#### [INFORMATION SUPPLIED]
***

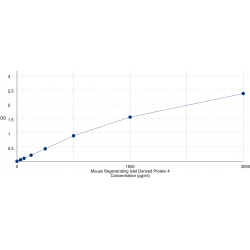 Graph showing standard OD data for Mouse Regenerating Islet Derived Protein 4 (REG4) 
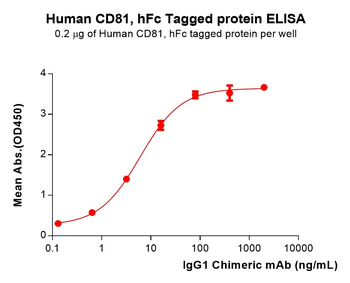 Human CD106 Protein, His Tag
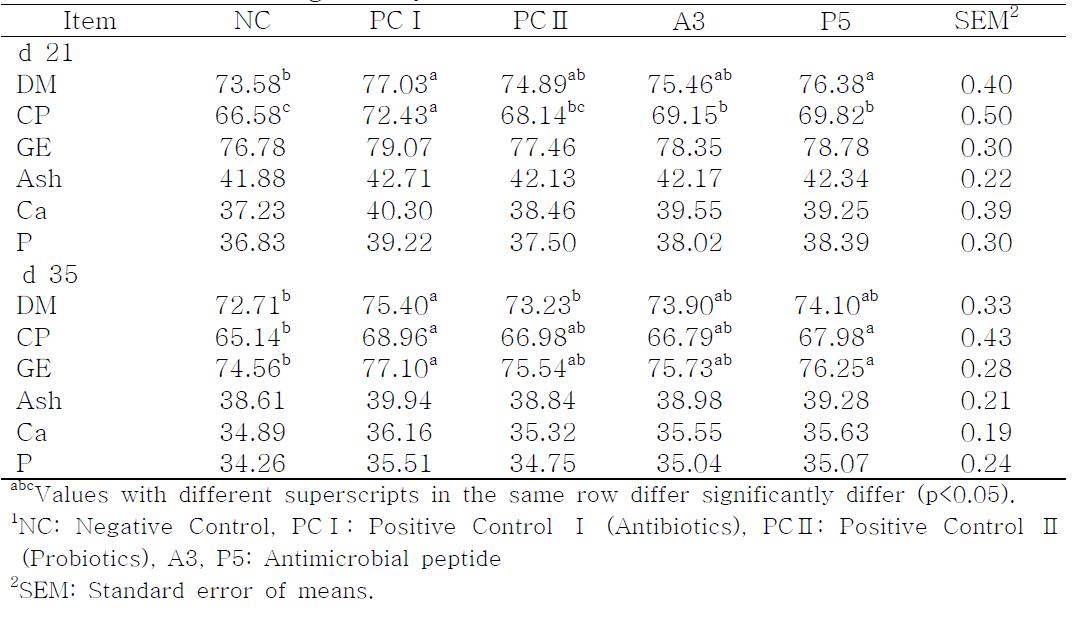Effects of antimicrobial peptide (A3, P5) supplementation on nutrient digestibility (%) in broilers1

***

#### [PROBLEM]
Retype the data exactly as it stands, but keep the images out of your copy.

#### [RESPONSE]
 Graph showing standard OD data for Mouse Regenerating Islet Derived Protein 4 (REG4) 
 Human CD106 Protein, His Tag
Effects of antimicrobial peptide (A3, P5) supplementation on nutrient digestibility (%) in broilers1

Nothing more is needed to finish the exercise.